We want to be embraced and cared for by our mothers, and yet we run as hard as we can from that embrace. We need their love and yet we sneer at mother love becoming “smother love”. We pretend to be indifferent to them, but get upset if they are indifferent to us!

Our relationship with our mothers is at one and the same time the most wonderful and yet the most difficult of all our relationships.

This is true even if your mother is deceased. Mothers have the power, it seems, to reach up out of graves long sealed and shake their disapproving fingers at us! It is a strange but wonderful thing, the power of mothering.

And so today I thought I would share a strategy for dealing with your mother. What can we do to deal with all this stuff mothers do to us? What can we do that will just turn this peculiar relationship between child and parent on its end?

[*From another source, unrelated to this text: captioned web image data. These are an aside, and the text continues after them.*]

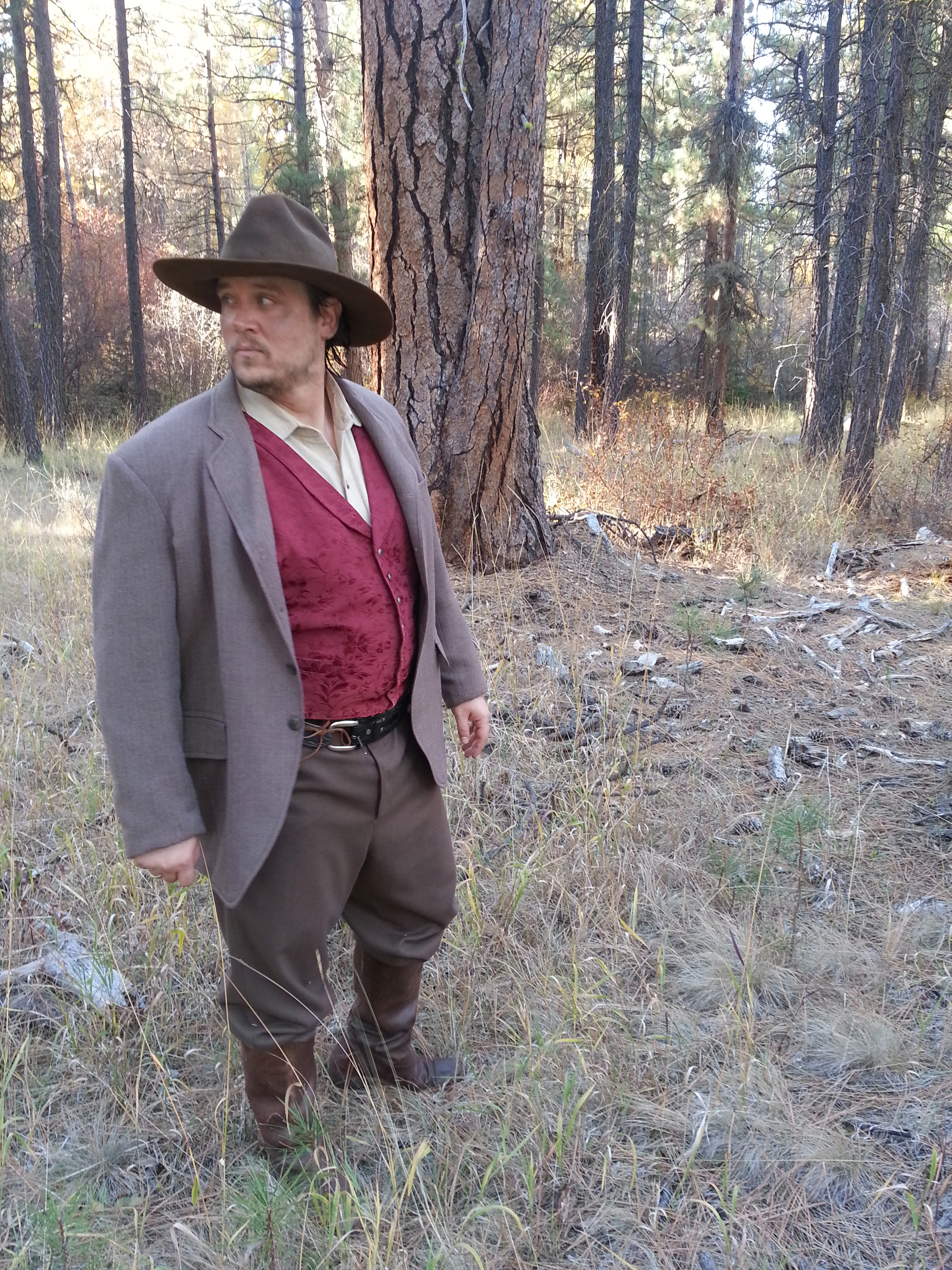 Brian as Biggs, on location in Oregon in 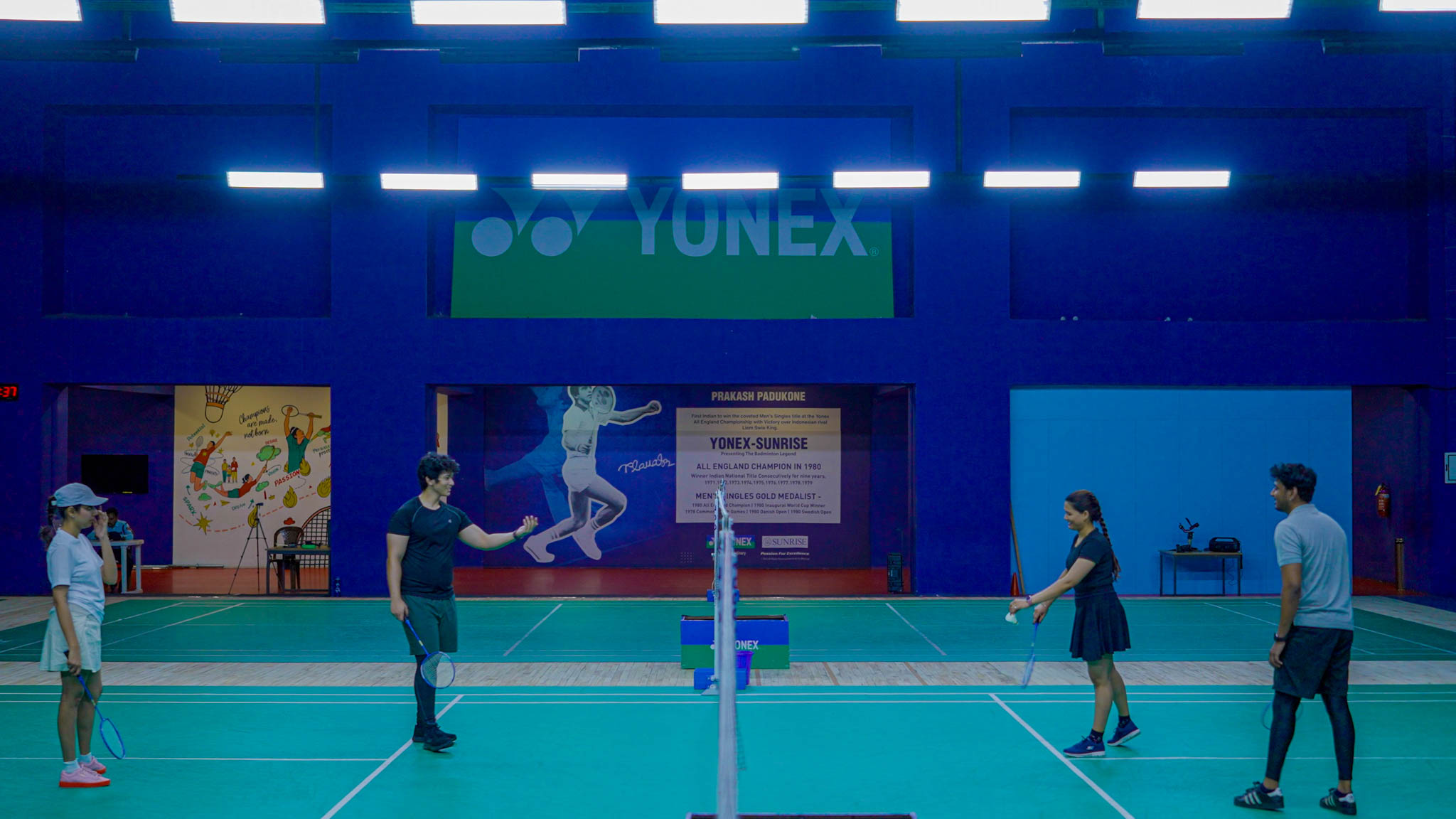 Meeting Fellow Badminton Lovers Makes It Even Better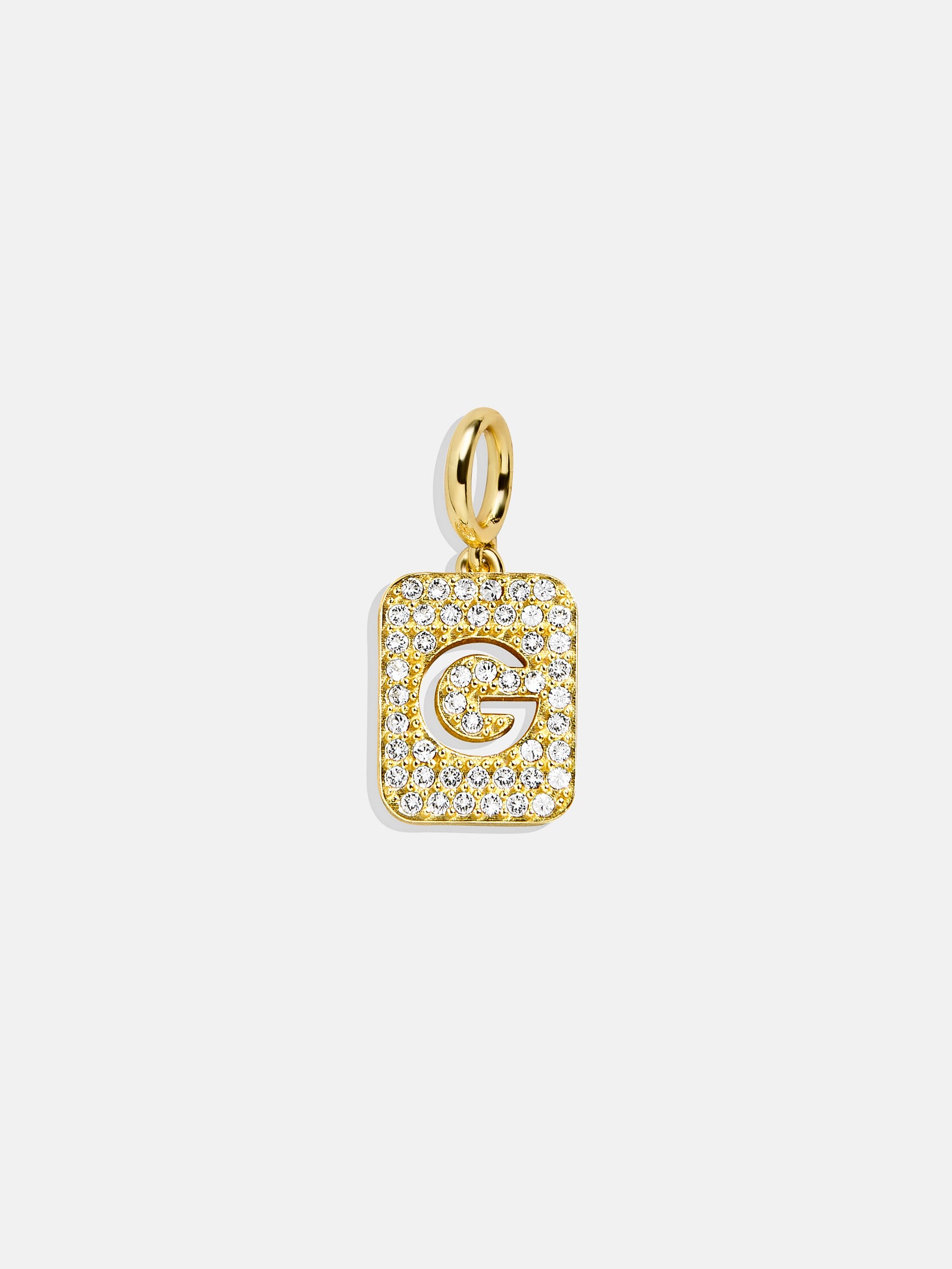 Block Pavé Initial Cluster Charm - G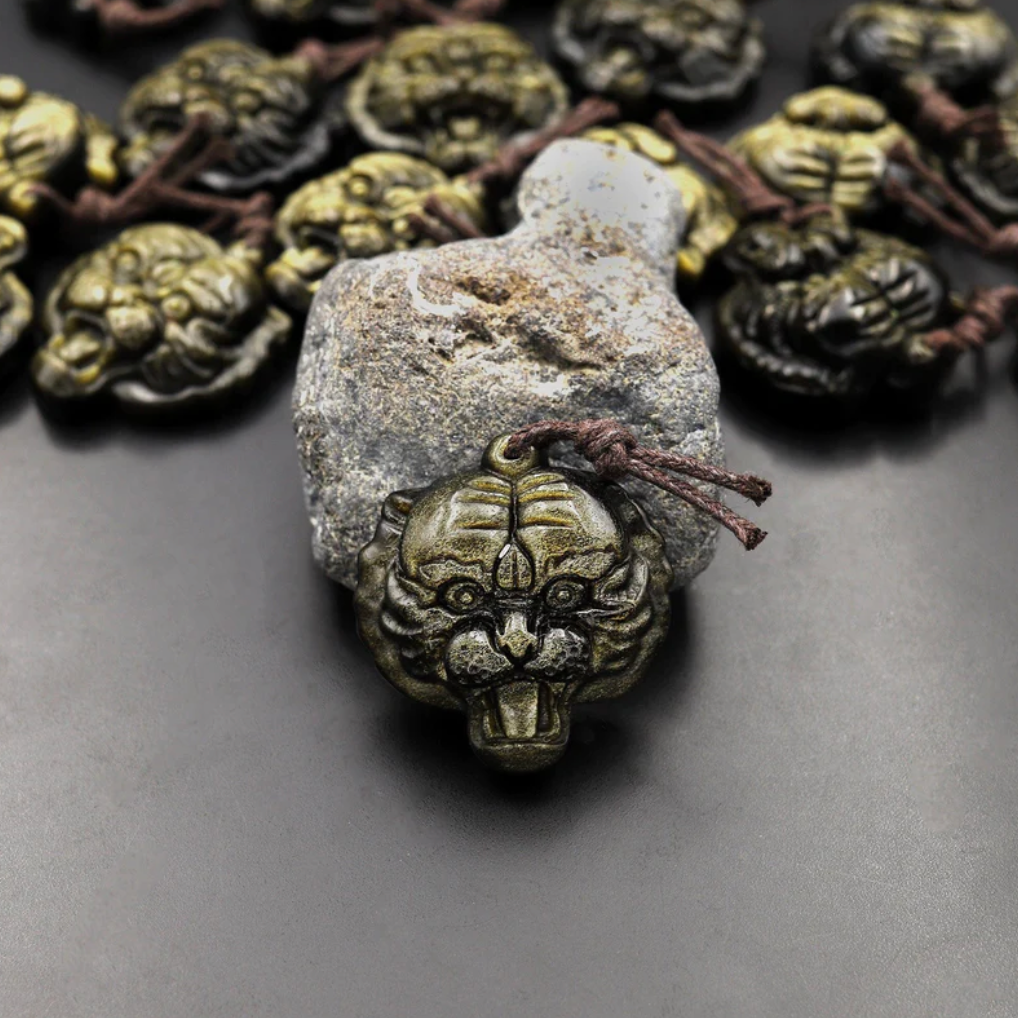 Obsidian Tiger Anhänger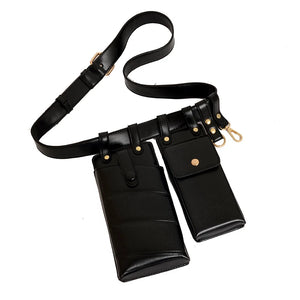 Gothic Women Waist Bags Mobile Phone Packs Hip-Hop Chest Bags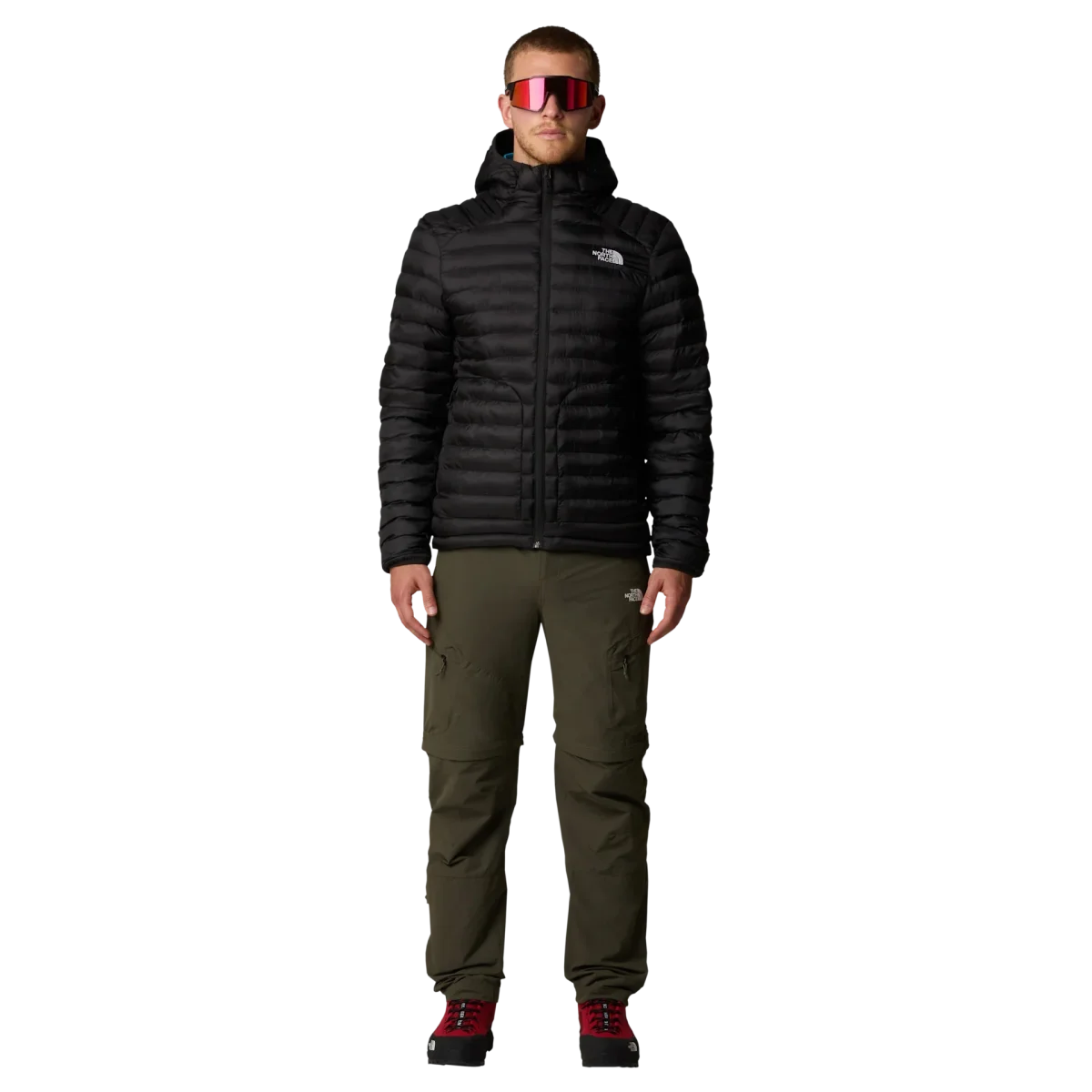 The North Face piumino giacca Huila cappuccio e imbottitura uomo NERO - immagine 5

Again, even if your mother is deceased, she likely exercises some sort of influence on you. How can we go beyond that strong but silent hold she has on us? How can you win at the guilt game? How can you drive your mother crazy?

Well, first, I want you to imagine what it must have been like to have been the mother of Jesus. If Jesus of Nazareth was this tower of perfection the church says he was, then what must it have been like to have been his mother? What did Mary experience? Let’s guess:

Never a dirty handprint on the wall? Always ate his spinach and asked for more? Never, never teased and tormented the girls in synagogue school? Got up at the crack of dawn to do his chores and pray up a well-balanced breakfast? Some paragon of platinum-plated perfection?

One of my Sunday School teachers when I was a teenager interrupted his lesson one Sunday morning and asked out loud, "I wonder what Jesus said when, in that carpenter shop, he hit his thumb with a hammer? Something like, ’Oh, dear me?!’"

Oh, get real! Get real! That is not the kind of perfection the Bible is talking about when it says that He knew no sin. One of the great claims of the Christian faith is that the very son of God came down to earth to live as we live, to touch what we touch, to feel what we feel, to be tested as we are tested. I see Jesus as a real boy, as a genuine teenager, as an authentic young adult, with all of the growing pains that that involves. And I can suspect that Mary found it very trying in many ways to be his mother. I can suspect that Jesus very nearly drove her crazy on more than one occasion!

For, after all, our relationship with our mothers is at one and the same time the most wonderful and yet the most difficult of all our relationships.

Listen to a Biblical story with me and see if you do not hear the sounds of conflict. But listen more closely and you will also hear Jesus resolving those conflicts beautifully and quietly. What Jesus did on this occasion is so wonderful that it must have driven his mother crazy.

The story is of Jesus at the wedding feast in the village of Cana:

John 2:1-12

All right. How to drive your mother crazy, in three easy steps. Take some lessons from the Master, from Jesus.

I

The first strategy to use in order to drive your mother crazy is to be your own person, knowing what time it is in your life. Be your own person, aware of what time it is in your life. Know what you must do in order to grow.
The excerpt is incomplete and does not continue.